Carlo Parente Architect
Lippetal, North Rhine-Westphalia, Germany
Farmhaus is a historic decommissioned farm structure in the small town of Lippetal, Germany, which has been transformed into a residence for a Canadian-German family. The project explores old and new conditions, using the historical fabric as a launching pad to create a contemporary mixed-use site that combines private and communal spaces. The centrepiece of a master plan to transform a 1920s hog farm into a mixed-use site, Farmhaus includes two apartments in addition to co-working and community spaces for local residents. Occupying the original hog barn, Farmhaus accommodates both the public and the private realms – as one moves south, the programming progresses from a public courtyard to a flexible private residence. This public-private interface is the parti of Farmhaus.
The entrance is carved out of the southeastern portion of the structure, with a private entrance and court. The plan allows for a growing family with four bedrooms, one of which will be a guest suite. The design enables the couple to ‘age in place,’ allowing the residence to shrink and be compartmentalized as the family and their needs change. A separate apartment to be built in a future project phase will be accessible from the public courtyard. The lofted second floor will become a multi-purpose all-season event space accessible from the public courtyard.

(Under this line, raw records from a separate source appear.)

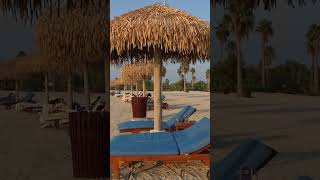 Banana y Maldivas en el desierto: el paraíso escondido frente a los ojos de la Copa del Mundo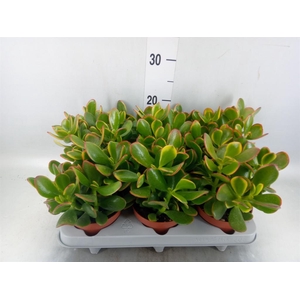 Crassula ovata 'Sunset'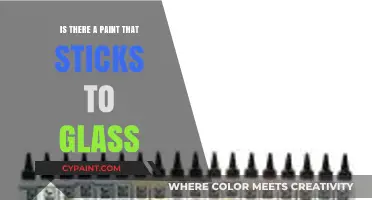 Discover the Best Paint for Glass Surfaces: A Comprehensive Guide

The processes undertaken at Farmhaus strive to engage a circular economy by repurposing the existing structure, materials, and systems rather than adding building waste to landfills. The house leverages existing resources, siting, and passive and active systems by using solar photovoltaic and solar hot water panels, a biomass system, rainwater harvesting, and the exposing and reusing existing materials. This project brings new relevance and purpose to the farm's original live-work setting with minimal and sensitive design moves! The farm once formed the backbone of the social (as well as the built) infrastructure in the Lippetal area. Farmhaus is part of a larger agenda to conserve the fabric of this changing farm community and countryside
The Farmhaus project by Carlo Parente is an example of New Wood Open Architecture in demonstrating existing wood structures' immeasurable historical, cultural, economic and environmental value. It also demonstrates how these structures are inherently resilient and flexible, meeting various practical needs throughout their past, present, and future lives. The masonry exterior walls support the intricate wood-frame roof-truss structure above, creating a
unique space below which historically served as a hayloft. By taking this structure and converting it into a dwelling, this project proves the flexibility of the original wood trusses and the value they retain in providing a unique and sustainable dwelling environment. The truss system allows for a reasonably high level of openness in connection with the floor plan below. The
trusses transfer all roof loads towards the exterior masonry wall into the foundation. This layout creates an open floor plan. Spaces can then be influenced by dweller-specific needs and not based on predetermined structural requirements, future-proofing the dwelling, as ongoing changes within the existing structure are more easily accomplished. The Farmhaus project by Carlo Parente exemplifies New Wood Open Architecture by highlighting the retained value of historic wood architecture and by elegantly converting a utilitarian pig barn into a unique, flexible and sustainable dwelling environment.